Silverfish control in Greenpoint: what to know
Greenpoint's pre-war brick row houses and multi-family walk-up buildings along Manhattan Avenue and Driggs Street have the shared walls, basement utilities and original plumbing where cockroaches and mice travel freely between the neighbourhood's densely packed units.
The industrial waterfront along Newtown Creek — historically a heavy-industry zone with legacy contamination — sustains large rodent populations that feed into the residential blocks to the west; the creek infrastructure provides rodent travel routes that are difficult to intercept without systematic building-level treatment.
A growing restaurant scene along Manhattan Avenue and the nightlife cluster near Greenpoint Avenue drives fly and rodent pressure; high renter turnover in newly converted buildings makes bed bug vigilance important.
Signs you need silverfish control
- Small, silvery, teardrop-shaped insects darting across bathroom or basement floors, especially at night
- Tiny holes, notches or surface etching on paper, wallpaper, book spines or stored documents
- Yellowish stains or fine pepper-like droppings in cabinets, drawers and bookshelves
- Damage to starched or stored clothing and natural-fibre fabrics
- Shed skins or a faint dusty residue in damp closets, under sinks and around plumbing
How we treat silverfish control in Greenpoint
Silverfish are the small, teardrop-shaped, silvery insects that dart across bathroom floors and basement walls and wriggle like a fish when you disturb them.

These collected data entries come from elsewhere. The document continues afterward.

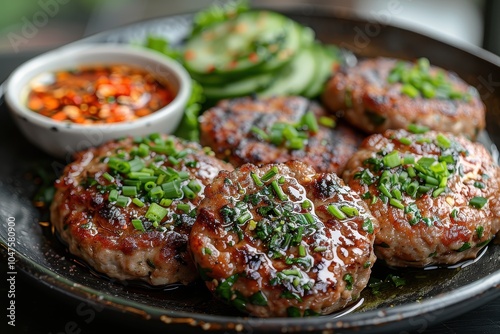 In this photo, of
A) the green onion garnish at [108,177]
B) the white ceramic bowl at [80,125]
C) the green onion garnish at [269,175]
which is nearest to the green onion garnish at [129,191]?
the green onion garnish at [108,177]

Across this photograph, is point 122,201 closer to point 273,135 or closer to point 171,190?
point 171,190

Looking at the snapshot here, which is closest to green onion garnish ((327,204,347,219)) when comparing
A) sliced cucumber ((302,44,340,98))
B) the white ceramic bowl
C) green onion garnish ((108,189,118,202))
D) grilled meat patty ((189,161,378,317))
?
grilled meat patty ((189,161,378,317))

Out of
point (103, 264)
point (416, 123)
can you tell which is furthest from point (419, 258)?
point (103, 264)

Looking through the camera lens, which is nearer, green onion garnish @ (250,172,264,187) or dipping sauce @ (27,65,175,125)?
→ green onion garnish @ (250,172,264,187)

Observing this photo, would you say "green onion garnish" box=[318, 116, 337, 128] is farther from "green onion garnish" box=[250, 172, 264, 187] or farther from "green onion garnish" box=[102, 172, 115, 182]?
"green onion garnish" box=[102, 172, 115, 182]

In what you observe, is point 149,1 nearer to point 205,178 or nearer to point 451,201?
point 205,178

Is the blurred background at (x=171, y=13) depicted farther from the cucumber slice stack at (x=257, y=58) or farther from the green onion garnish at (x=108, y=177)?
the green onion garnish at (x=108, y=177) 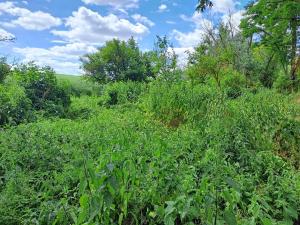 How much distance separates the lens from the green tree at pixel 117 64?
16203 millimetres

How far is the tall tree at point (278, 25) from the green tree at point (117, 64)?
5.29 meters

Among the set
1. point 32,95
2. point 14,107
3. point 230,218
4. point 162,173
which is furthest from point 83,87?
point 230,218

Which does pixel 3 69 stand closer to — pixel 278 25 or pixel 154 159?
pixel 154 159

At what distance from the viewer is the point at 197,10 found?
6809 millimetres

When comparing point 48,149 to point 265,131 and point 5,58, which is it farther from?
point 5,58

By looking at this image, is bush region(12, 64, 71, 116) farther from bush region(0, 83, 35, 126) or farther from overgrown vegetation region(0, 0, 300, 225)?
bush region(0, 83, 35, 126)

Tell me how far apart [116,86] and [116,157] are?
9.65m

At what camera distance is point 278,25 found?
11.9 meters

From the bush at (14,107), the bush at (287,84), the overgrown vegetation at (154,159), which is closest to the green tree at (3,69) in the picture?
the overgrown vegetation at (154,159)

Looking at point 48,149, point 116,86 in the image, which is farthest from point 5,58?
point 48,149

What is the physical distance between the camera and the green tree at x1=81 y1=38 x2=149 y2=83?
16.2 meters

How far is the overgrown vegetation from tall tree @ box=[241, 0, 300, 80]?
42 cm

They're a classic moisture pest: silverfish live and develop in damp, warm places, which is exactly what New York apartments offer in abundance — humid bathrooms, below-grade basements, laundry rooms and the deep wall voids of pre-war buildings.
They feed on starches and paper: cereals, flour and pet food, the glue and paste in book bindings, wallpaper paste, sizing in paper, and the starch in stored clothing. Because their flat bodies let them slip into narrow crevices, they hide by day inside wall voids, behind baseboards, in closets and bookcases, and around the gaps where pipes pass through walls — then come out at night to feed. That's why a can of spray rarely works: the population you see is a fraction of the one tucked into the moisture-rich voids you can't reach.
Local landmarks & coverage
We serve all of Greenpoint and the surrounding Brooklyn area — including Manhattan Avenue, Greenpoint Avenue, McGolrick Park, Newtown Creek, Transmitter Park — across ZIP codes 11222.